[[ Exercise input open ]]
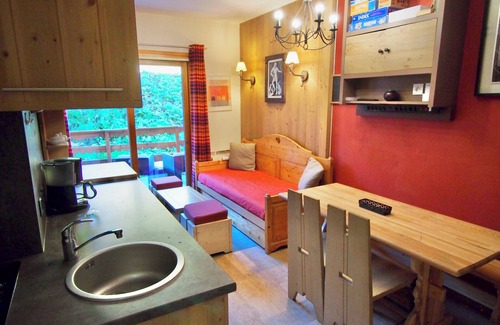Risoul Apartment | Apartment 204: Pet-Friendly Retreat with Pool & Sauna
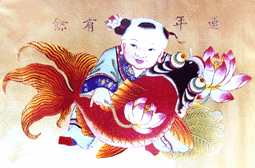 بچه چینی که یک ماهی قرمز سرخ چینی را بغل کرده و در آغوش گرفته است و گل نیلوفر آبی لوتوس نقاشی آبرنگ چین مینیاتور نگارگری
[[ Exercise input closed ]]
[[ Exercise input open ]]
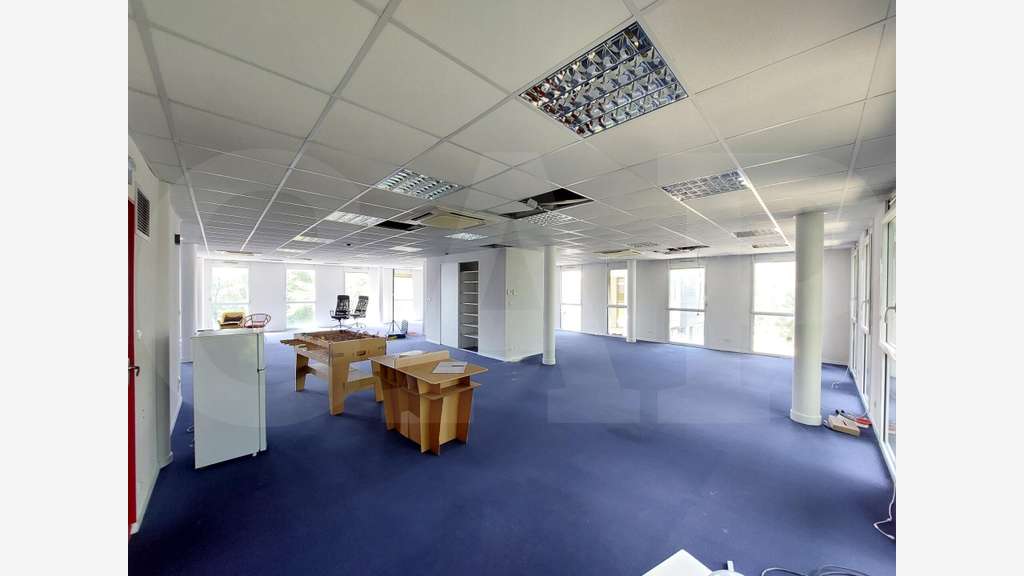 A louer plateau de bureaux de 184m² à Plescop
[[ Exercise input closed ]]
From the material above, output only the span of lines that starts at the one containing "Risoul Apartment |" and finishes at the one containing "بچه چینی که", word for word and free of pictures.

**Solution to the problem:**
Risoul Apartment | Apartment 204: Pet-Friendly Retreat with Pool & Sauna
 بچه چینی که یک ماهی قرمز سرخ چینی را بغل کرده و در آغوش گرفته است و گل نیلوفر آبی لوتوس نقاشی آبرنگ چین مینیاتور نگارگری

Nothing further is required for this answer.